The Cons Of Growth Through Acquisition
Okay, so growth through acquisition can give quick results. But like a large meal can give indigestion, so can an acquisition. Think through the following:
A merger or acquisition usually results in some reorganisation of the workforce and/or management team in one or both companies. Not everybody will get the job or boss they want. Stress levels may be high across the businesses and there will be winners and losers. Don’t be surprised if 1) good and bad people leave voluntarily and 2) you will have to face getting some people out of the business
Whilst people issues may be the first area to face up to there will be others to think about. Firstly, there is often a need to sort out processes and systems – never underestimate the time and effort required. Secondly there is the subtler issue of company culture.
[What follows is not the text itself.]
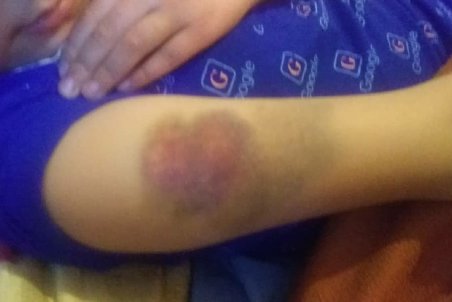 واکنش آموزش و پرورش قزوین به ماجرای تنبیه بدنی دانش‌آموز روستایی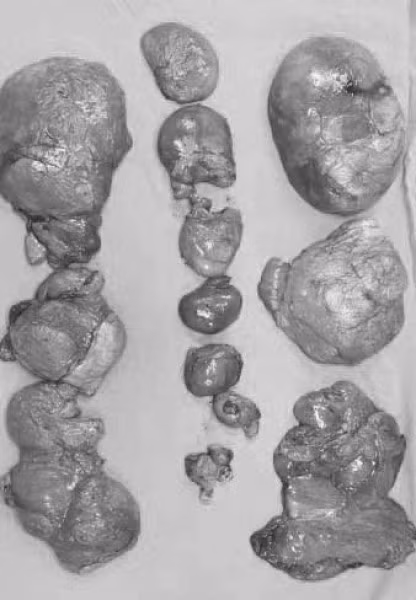 Tuong beo bung, hoa ra dang mang 20 u mo-Hinh-2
The numbers may stack up well for the two businesses to become one. But people, their values, behaviours and norms may clash. At the worst extreme, clashing cultures can destroy any other benefits from acquisition.
A third issue you could face is paying for the acquisition. I don’t mean having the funds to make the purchase. It’s the subsequent repayment of loan interest and capital. Your business plan for the acquisition probably assumed those economies of scale and greater sales growth. Hence the improved combined profit would easily afford any additional financing costs. If there are problems squeezing out efficiencies or the sales growth doesn’t appear then you may have to attend to refinancing or cost cutting.
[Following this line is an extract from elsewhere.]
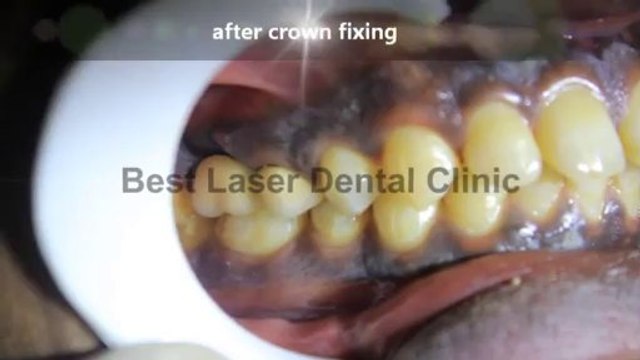 dental implants without sinus lift in india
How To Choose What’s Right For Your Business
The question of whether to buy another business or to organically grow depends on each individual business owner’s unique circumstances.
Answering these questions below will provide you with a direction on what you’re looking to achieve:
- How will the targets be identified and approached?
- What does the company want to achieve as a result of acquisitions?
- How will the targets be valued?
- Who will be the team of professionals to process and complete the transactions and what are the costs?
- How will the acquisitions be structured in terms of ownership and funding
- How will the culture of the acquired business be aligned to the main business?
If you can answer all of these questions you have a basic acquisition strategy to share with funders and potential investors.
Which Route Is The Best For My Business?
Whichever organic or acquisition route or combination to the two routes you chose, you will need to plan strategically and tactically. I would recommend exploring both options thoroughly before heading too far down either path. Discuss your options with your accountant, lawyer or business broker.
Then research businesses for sale in and around the areas you’re considering for expansion and work out if buying one of those businesses will get you closer to your growth goals. Look for where synergies can be created so that a merger or acquisition creates added value for everyone involved.
Once you’ve done your due diligence and you’ve settled on the best path, move ahead decisively. “Luck favours the bold,” as they say, and business growth certainly follows that saying.
Having the valuable experience of the right people at outset of the acquisition will ensure funding approval is given, the business pays the right price and the negotiation process is managed effectively for all parties. Good advisers can fill some of the gaps but a senior finance person in the team is often the glue holding it all together.